Task — Each record that follows should be repeated exactly, with no pictures carried over.

● ● ● ● ● ● ●

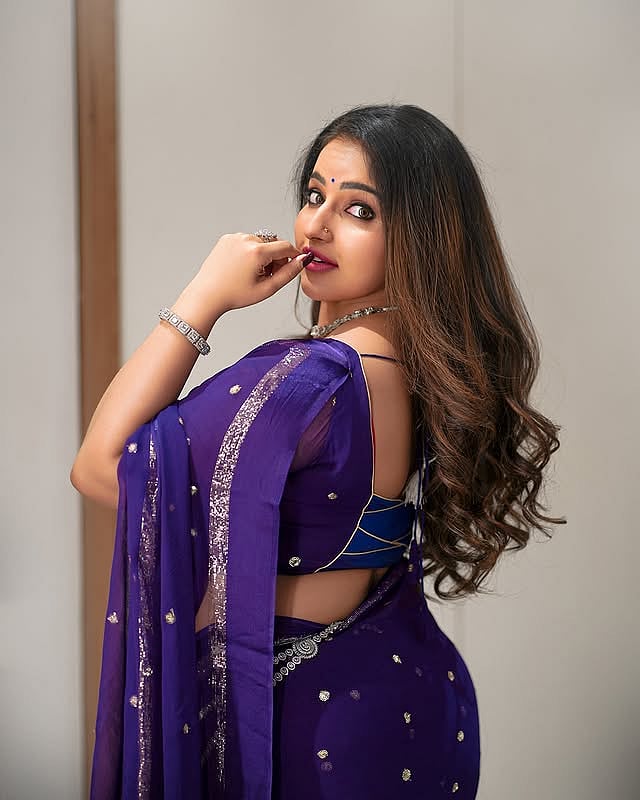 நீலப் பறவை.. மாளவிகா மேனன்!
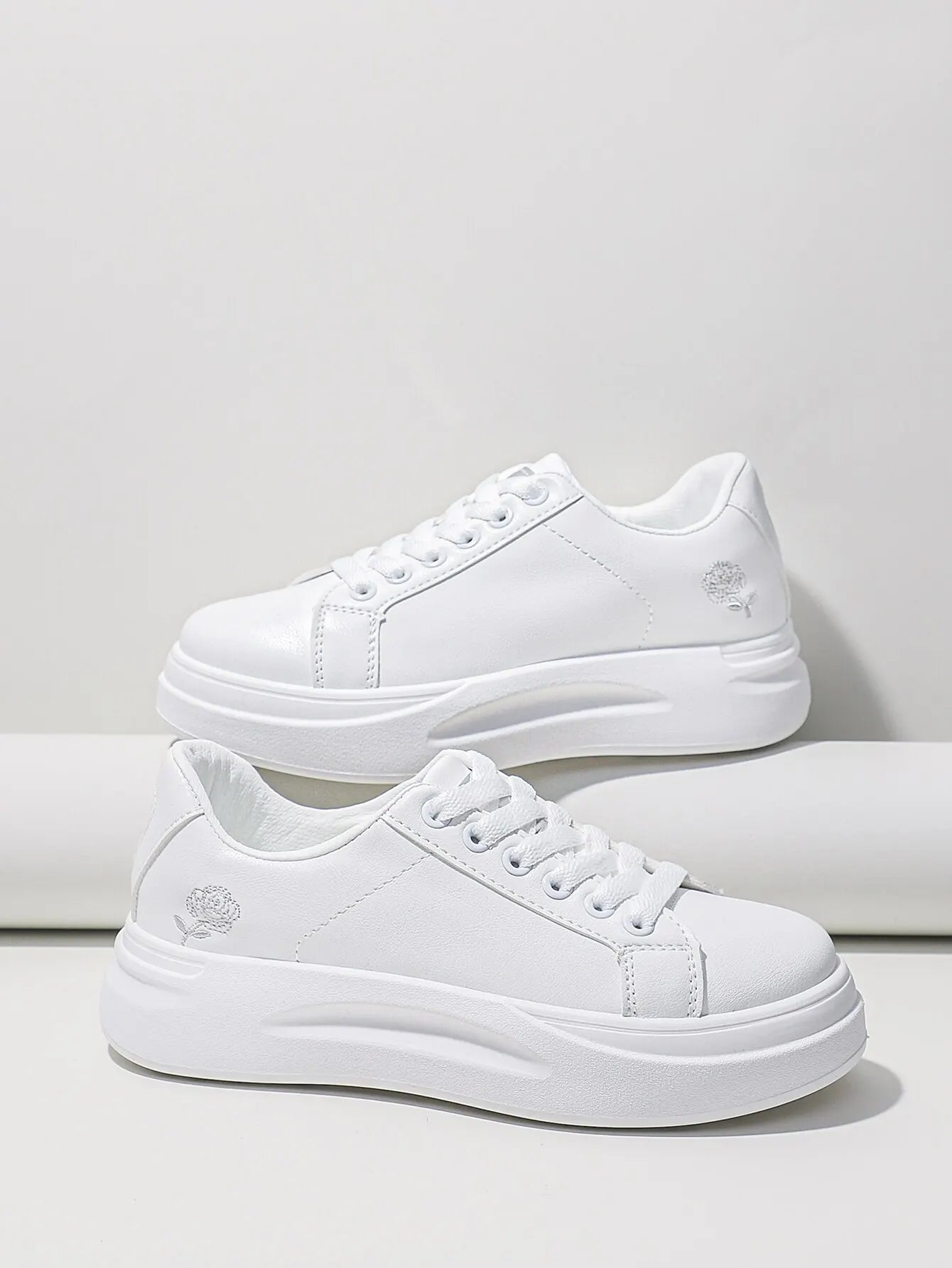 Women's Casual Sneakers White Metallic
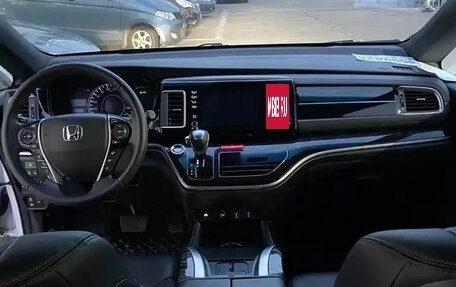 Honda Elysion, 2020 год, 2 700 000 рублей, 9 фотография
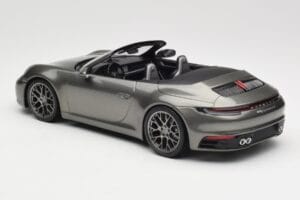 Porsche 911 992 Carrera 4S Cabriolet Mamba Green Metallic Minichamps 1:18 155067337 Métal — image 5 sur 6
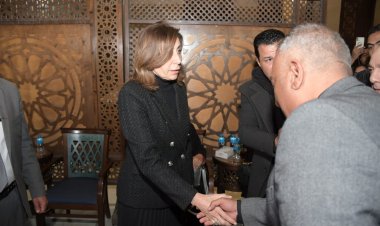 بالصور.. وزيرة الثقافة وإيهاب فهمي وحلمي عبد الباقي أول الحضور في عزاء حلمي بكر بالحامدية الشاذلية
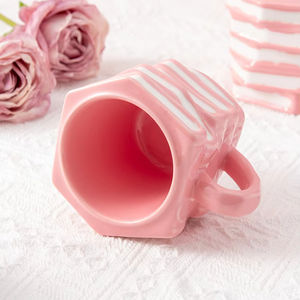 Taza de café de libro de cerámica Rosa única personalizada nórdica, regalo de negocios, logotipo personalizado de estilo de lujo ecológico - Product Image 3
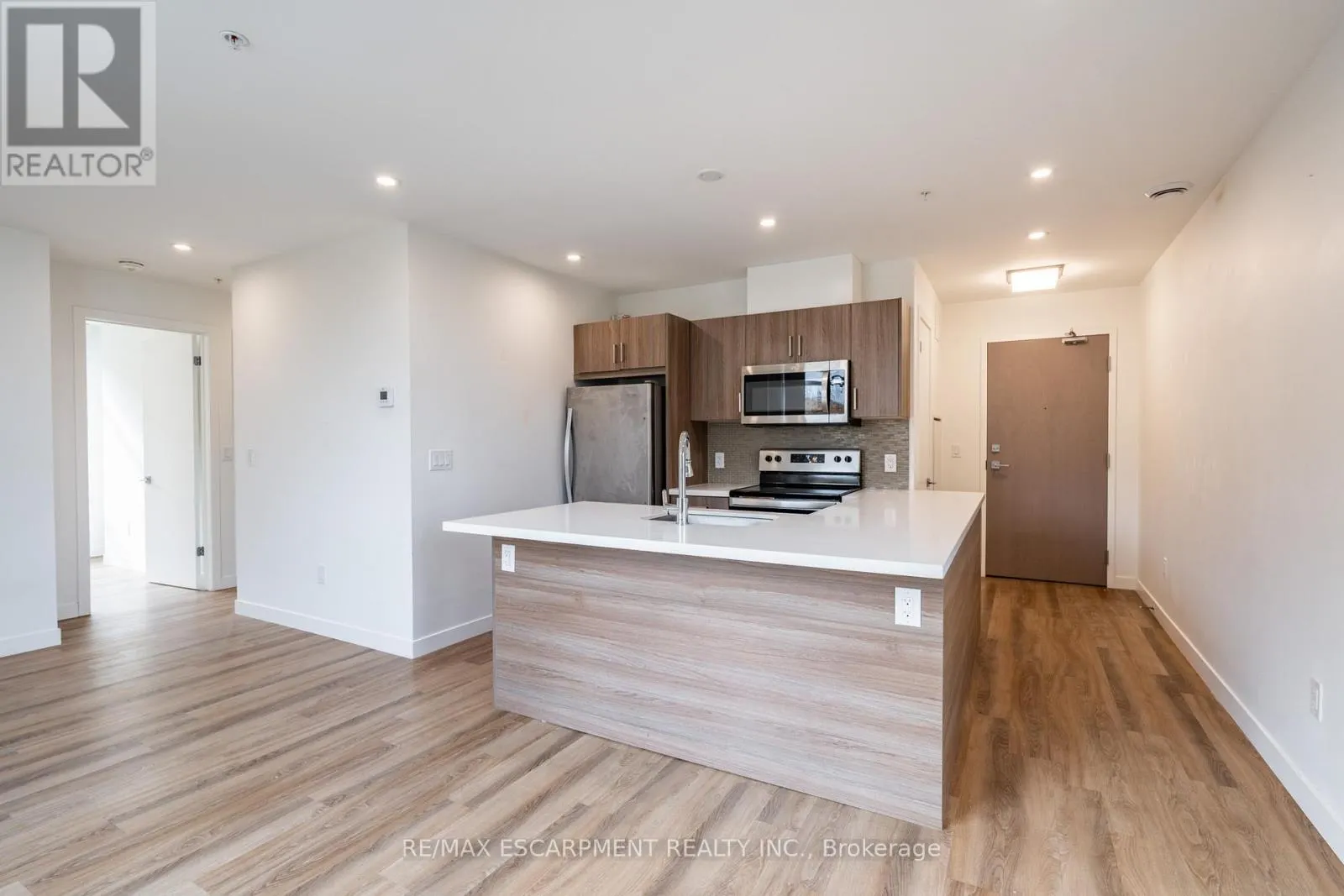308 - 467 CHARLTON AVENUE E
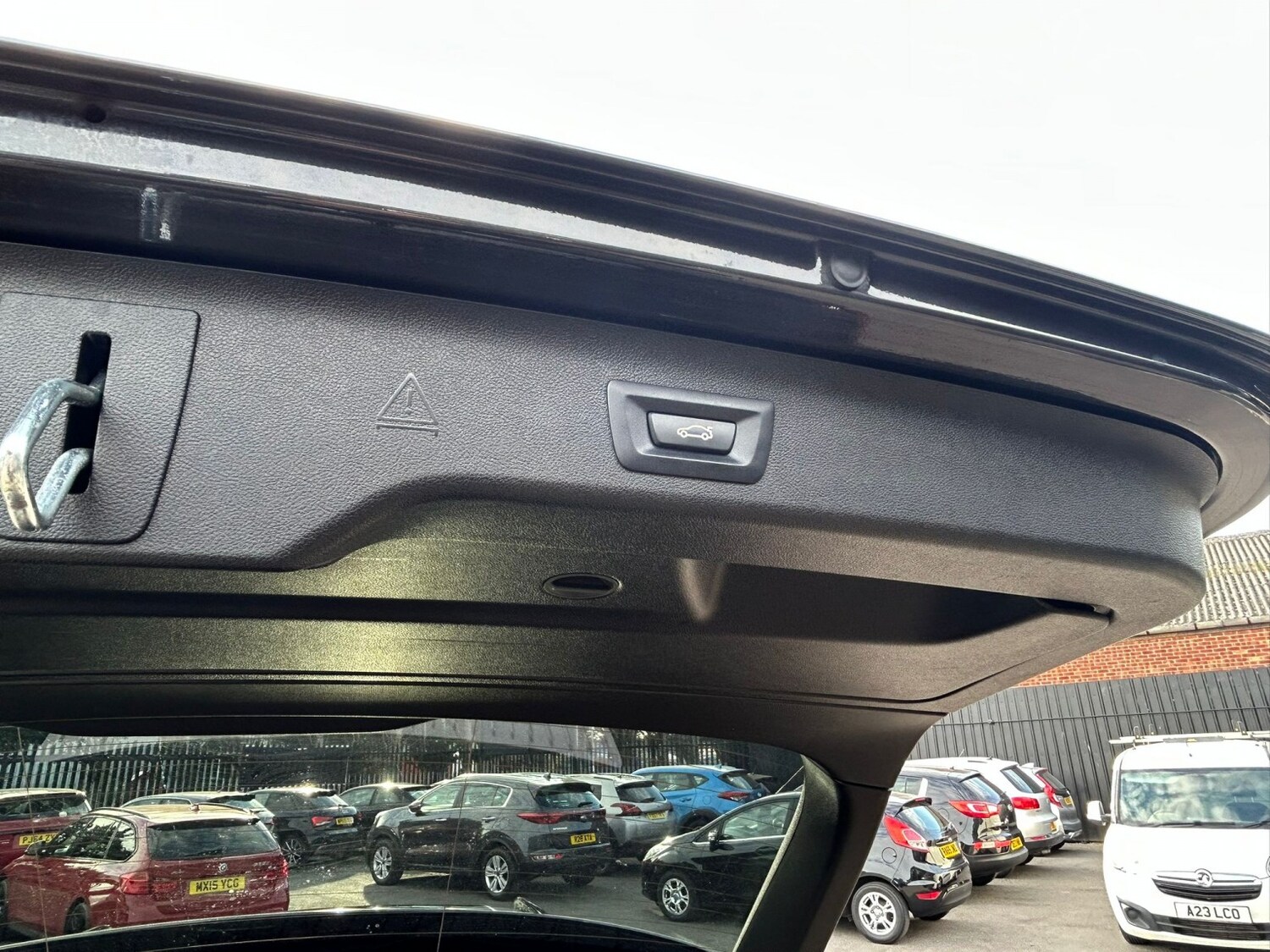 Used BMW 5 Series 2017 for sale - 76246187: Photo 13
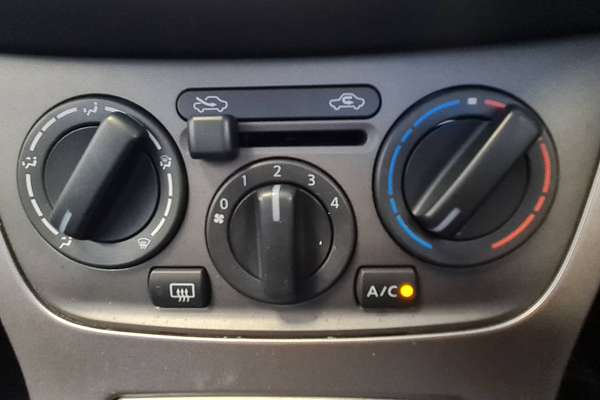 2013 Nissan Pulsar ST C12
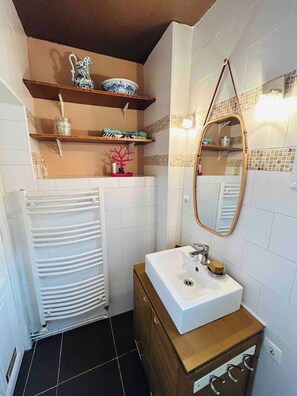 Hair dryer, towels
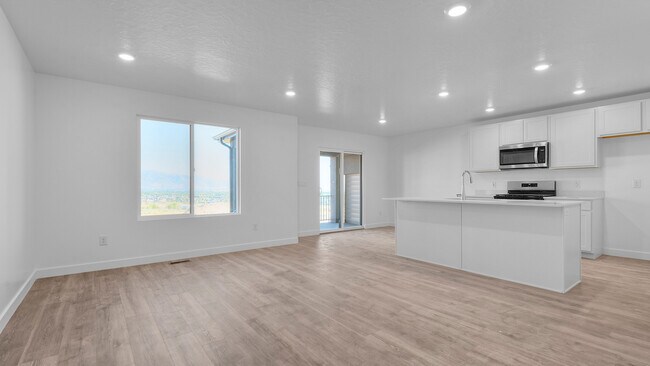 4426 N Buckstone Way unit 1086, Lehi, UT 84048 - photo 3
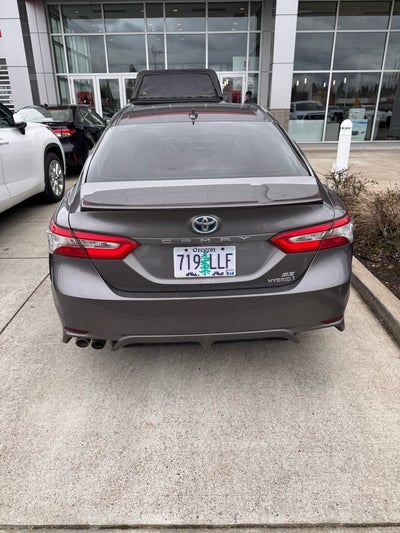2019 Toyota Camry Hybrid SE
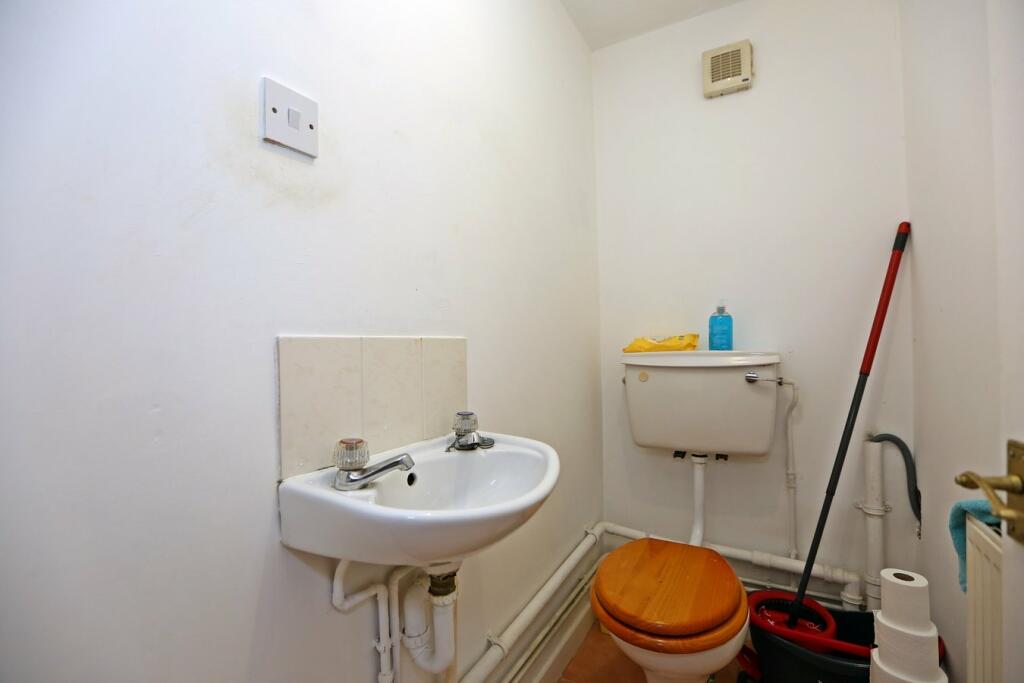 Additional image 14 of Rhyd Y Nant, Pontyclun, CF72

● ● ● ● ● ● ●

Answer area —
 நீலப் பறவை.. மாளவிகா மேனன்!
 Women's Casual Sneakers White Metallic
 Honda Elysion, 2020 год, 2 700 000 рублей, 9 фотография
 Porsche 911 992 Carrera 4S Cabriolet Mamba Green Metallic Minichamps 1:18 155067337 Métal — image 5 sur 6
 بالصور.. وزيرة الثقافة وإيهاب فهمي وحلمي عبد الباقي أول الحضور في عزاء حلمي بكر بالحامدية الشاذلية
 Taza de café de libro de cerámica Rosa única personalizada nórdica, regalo de negocios, logotipo personalizado de estilo de lujo ecológico - Product Image 3
308 - 467 CHARLTON AVENUE E
 Used BMW 5 Series 2017 for sale - 76246187: Photo 13
 2013 Nissan Pulsar ST C12
 Hair dryer, towels
 4426 N Buckstone Way unit 1086, Lehi, UT 84048 - photo 3
2019 Toyota Camry Hybrid SE
 Additional image 14 of Rhyd Y Nant, Pontyclun, CF72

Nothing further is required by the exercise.